*** Opening of ENTRIES PROVIDED ***
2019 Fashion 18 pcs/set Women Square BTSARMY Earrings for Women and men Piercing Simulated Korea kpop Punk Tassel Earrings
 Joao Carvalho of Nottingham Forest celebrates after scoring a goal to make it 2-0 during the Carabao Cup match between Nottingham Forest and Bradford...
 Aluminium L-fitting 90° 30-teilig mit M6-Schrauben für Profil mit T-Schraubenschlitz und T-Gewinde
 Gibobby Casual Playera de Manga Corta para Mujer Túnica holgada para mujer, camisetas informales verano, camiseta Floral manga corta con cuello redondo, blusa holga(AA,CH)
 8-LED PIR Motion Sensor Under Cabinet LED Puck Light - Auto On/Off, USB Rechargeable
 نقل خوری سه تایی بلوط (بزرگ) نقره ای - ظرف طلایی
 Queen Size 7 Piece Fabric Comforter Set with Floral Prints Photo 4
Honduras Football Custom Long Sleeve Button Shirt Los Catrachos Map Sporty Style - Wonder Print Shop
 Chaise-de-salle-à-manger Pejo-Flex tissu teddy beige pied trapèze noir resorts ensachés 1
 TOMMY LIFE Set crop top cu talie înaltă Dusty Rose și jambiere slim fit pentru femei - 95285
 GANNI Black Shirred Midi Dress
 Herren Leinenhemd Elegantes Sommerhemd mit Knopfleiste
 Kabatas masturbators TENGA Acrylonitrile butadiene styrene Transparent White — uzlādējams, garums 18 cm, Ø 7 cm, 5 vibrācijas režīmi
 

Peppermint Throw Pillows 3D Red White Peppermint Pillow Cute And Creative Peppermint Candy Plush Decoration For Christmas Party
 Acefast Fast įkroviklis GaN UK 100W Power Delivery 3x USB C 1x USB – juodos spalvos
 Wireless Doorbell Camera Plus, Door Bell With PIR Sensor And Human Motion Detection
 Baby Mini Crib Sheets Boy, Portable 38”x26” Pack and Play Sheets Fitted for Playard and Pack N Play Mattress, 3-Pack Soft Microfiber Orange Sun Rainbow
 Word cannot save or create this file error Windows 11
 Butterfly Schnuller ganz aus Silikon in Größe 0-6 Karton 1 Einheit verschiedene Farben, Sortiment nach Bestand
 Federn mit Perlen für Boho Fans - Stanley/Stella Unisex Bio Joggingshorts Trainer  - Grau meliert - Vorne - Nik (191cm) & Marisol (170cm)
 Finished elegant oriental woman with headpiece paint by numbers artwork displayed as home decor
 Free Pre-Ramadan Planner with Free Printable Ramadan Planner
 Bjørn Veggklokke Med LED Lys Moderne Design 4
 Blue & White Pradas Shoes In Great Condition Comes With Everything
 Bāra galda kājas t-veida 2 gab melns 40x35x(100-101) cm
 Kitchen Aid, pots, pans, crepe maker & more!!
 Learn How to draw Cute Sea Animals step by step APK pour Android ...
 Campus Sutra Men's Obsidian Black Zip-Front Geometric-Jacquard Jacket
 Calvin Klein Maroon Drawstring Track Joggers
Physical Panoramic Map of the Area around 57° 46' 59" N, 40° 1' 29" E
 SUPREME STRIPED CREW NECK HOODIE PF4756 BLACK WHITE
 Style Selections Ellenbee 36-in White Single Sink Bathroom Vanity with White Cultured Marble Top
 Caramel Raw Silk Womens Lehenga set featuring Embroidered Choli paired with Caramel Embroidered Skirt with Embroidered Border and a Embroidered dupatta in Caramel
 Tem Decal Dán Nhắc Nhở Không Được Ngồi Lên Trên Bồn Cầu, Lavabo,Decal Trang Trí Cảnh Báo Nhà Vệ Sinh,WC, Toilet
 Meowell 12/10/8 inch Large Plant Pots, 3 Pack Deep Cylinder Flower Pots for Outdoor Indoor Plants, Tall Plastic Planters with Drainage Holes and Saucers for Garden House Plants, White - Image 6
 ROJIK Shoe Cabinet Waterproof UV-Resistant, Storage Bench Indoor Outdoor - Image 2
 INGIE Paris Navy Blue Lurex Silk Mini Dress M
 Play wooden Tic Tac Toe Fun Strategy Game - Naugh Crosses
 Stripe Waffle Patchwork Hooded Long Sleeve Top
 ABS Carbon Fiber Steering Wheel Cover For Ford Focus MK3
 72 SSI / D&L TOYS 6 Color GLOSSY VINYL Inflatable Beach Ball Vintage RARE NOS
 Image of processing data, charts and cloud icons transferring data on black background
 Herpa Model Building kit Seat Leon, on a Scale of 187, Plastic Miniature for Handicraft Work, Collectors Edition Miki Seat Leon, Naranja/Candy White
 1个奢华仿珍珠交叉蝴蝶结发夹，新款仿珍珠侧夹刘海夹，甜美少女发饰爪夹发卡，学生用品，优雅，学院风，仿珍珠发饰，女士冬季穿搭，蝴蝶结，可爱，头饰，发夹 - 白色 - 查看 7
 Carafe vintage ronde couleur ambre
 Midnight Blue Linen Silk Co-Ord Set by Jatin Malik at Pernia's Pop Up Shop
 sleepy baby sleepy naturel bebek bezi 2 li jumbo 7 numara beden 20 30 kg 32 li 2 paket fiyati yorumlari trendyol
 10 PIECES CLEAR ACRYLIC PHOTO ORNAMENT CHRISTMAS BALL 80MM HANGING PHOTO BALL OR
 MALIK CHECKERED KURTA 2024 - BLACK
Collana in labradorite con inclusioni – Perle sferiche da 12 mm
*** Close of ENTRIES PROVIDED ***
Your answer should be the lines above from the one containing "Butterfly Schnuller ganz" through the one containing "SUPREME STRIPED CREW", copied exactly and with both ends kept.

 Butterfly Schnuller ganz aus Silikon in Größe 0-6 Karton 1 Einheit verschiedene Farben, Sortiment nach Bestand
 Federn mit Perlen für Boho Fans - Stanley/Stella Unisex Bio Joggingshorts Trainer  - Grau meliert - Vorne - Nik (191cm) & Marisol (170cm)
 Finished elegant oriental woman with headpiece paint by numbers artwork displayed as home decor
 Free Pre-Ramadan Planner with Free Printable Ramadan Planner
 Bjørn Veggklokke Med LED Lys Moderne Design 4
 Blue & White Pradas Shoes In Great Condition Comes With Everything
 Bāra galda kājas t-veida 2 gab melns 40x35x(100-101) cm
 Kitchen Aid, pots, pans, crepe maker & more!!
 Learn How to draw Cute Sea Animals step by step APK pour Android ...
 Campus Sutra Men's Obsidian Black Zip-Front Geometric-Jacquard Jacket
 Calvin Klein Maroon Drawstring Track Joggers
Physical Panoramic Map of the Area around 57° 46' 59" N, 40° 1' 29" E
 SUPREME STRIPED CREW NECK HOODIE PF4756 BLACK WHITE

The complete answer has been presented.